On Friday, Washington Post Wonkblog published a notable article about “clean coal,” defined by reporter Max Ehrenfreund as “[t]he suite of technologies that the industry hopes could one day remove carbon dioxide from exhaust at coal-fired power.”
The most mature of these “clean coal” technologies is known as carbon capture and sequestration (“CCS”), although it has never been outfitted on a coal-fired power plant of even moderate size. The purpose of the Washington Post article was to throw cold water on recent media reports regarding the promise of clean coal. According to Mr. Ehrenfreund, the case for CCS in the U.S. is “weak,” because the technology is “exorbitantly expensive.”
Somewhat bizarrely, the Wonkblog reporter failed to mention that the Environmental Protection Agency in February proposed the Carbon Pollution Standard, a requirement for CCS on all new coal-fired power plants. Due to a unique provision of the Clean Air Act, the regulation goes into effect upon proposal. As a result, all new coal-fired power plants require “clean coal” technology—the very technology that is the subject of the Washington Post Wonkblog article. You’d think that this would qualify as “news.”
Whatever the reason for this rather conspicuous omission, I want to draw attention to the reporter’s use of language, which offers an important legal lesson.

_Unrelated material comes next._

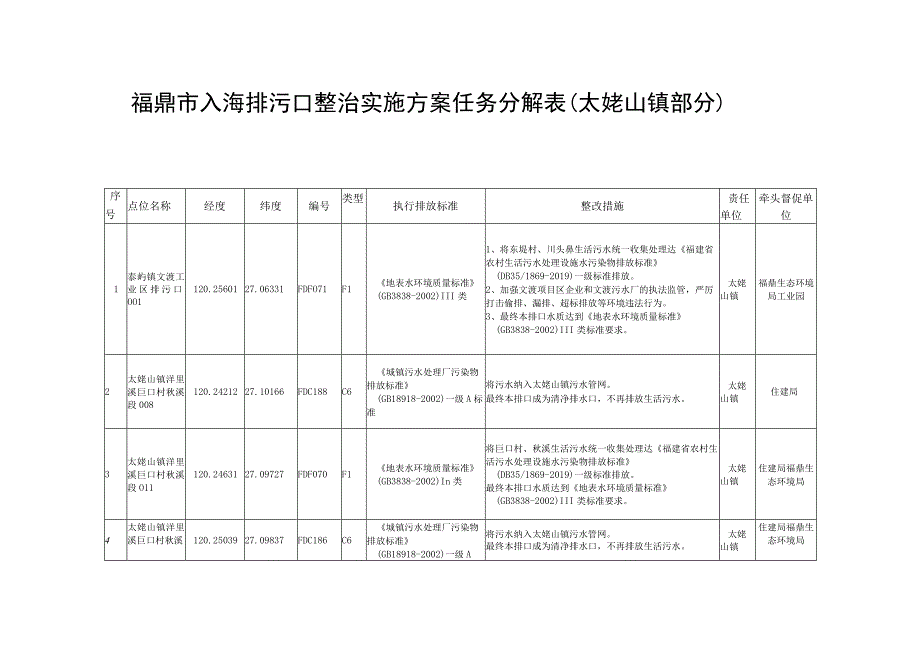 福鼎市入海排污口整治实施方案任务分解表太姥山镇部分.docx_第1页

Mr. Ehrenfreund wrote that CCS is “exorbitantly” costly. This modifier is supremely apt; it is the exact word chosen by the D.C. Circuit Court of Appeals* to describe an impermissible requirement pursuant to the provision of the Clean Air Act that authorizes the aforementioned Carbon Pollution Standard. See Essex Chemical Corp. v. Ruckelshaus, 486 F. 2d 427 at 433 (D.C. Cir. 1973). As such, if the costs of carbon capture and sequestration are in fact “exorbitant,” then the regulation is illegal.

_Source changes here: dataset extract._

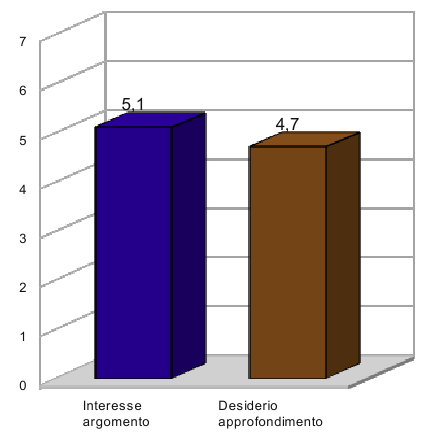 4.3 Risultato questionario di valutazione 81 siano risultate assolutamente noiose (media 2,3 su 7), ma talvolta eccessivamente veloci (media 4,4 su 7, ma con deviazione standard 1,82).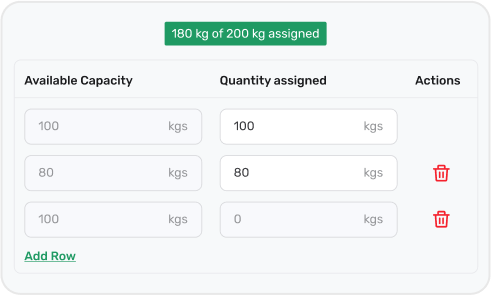 image of Sync Transfer Records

In the instance, Mr. Ehrenfreund is spot-on: carbon capture and sequestration is undoubtedly “exorbitantly” expensive and is, therefore, outside the legal bounds of the Clean Air Act. Consider, for example, the only “clean coal” CCS project now being constructed in the U.S., the 580 megawatt Kemper power plant in Mississippi. After many cost-overruns, the current project tab is $5.2 billion. This is well more than 5 times the cost of a comparably-sized coal-fired power plant equipped with the most advanced controls for conventional pollutants.

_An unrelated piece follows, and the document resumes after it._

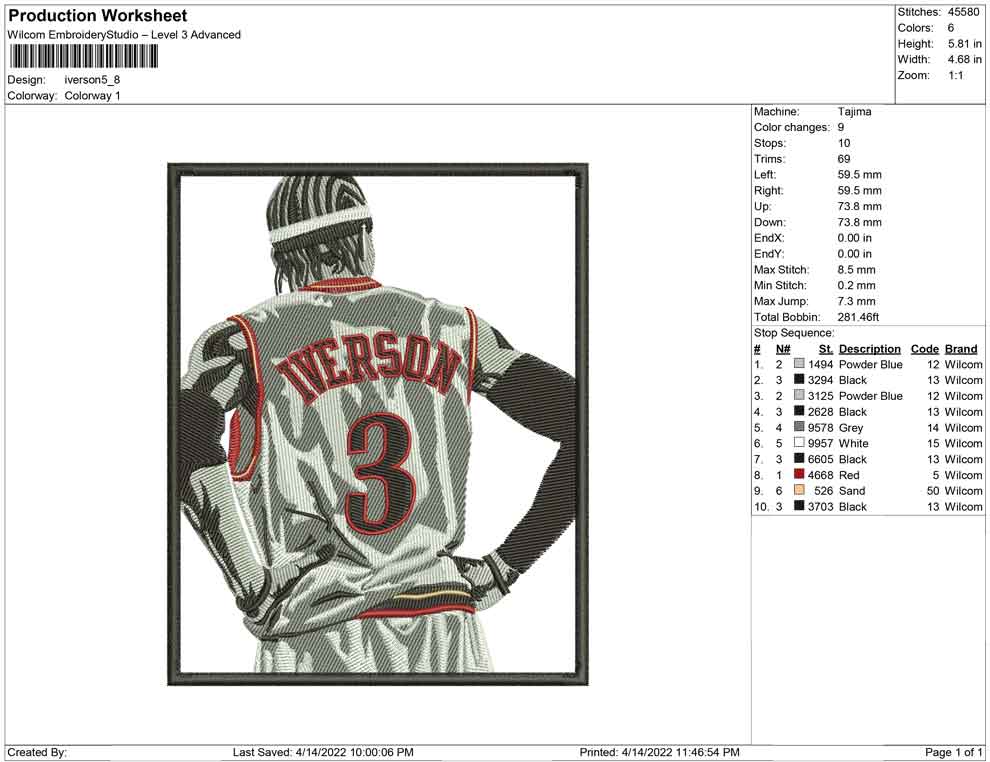 Iverson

While the courts have never put a precise number on what constitutes impermissible, “exorbitant” costs, I’ve performed a comprehensive search of the D.C. Circuit’s review of the Clean Air Act regulatory regime that produced the Carbon Pollution Standard, and the largest compliance cost considered by the court was “approximately 12 percent of the investment for the total facility”. See Portland Cement Association v. Ruckelshaus, 486 F. 2d 375 at 387 (D.C. Cir. 1973) by comparison, carbon capture and sequestration evidently adds at least 500 percent to the investment for a new coal-fired facility. Clearly, when it comes to costs, we’re talking about a whole different ballgame than anything the court has reviewed.
*the D.C. Circuit is the exclusive court of review for a Clean Air Act Section 111(b) New Source Performance Standard. This is the section that authorizes the Carbon Pollution Standard.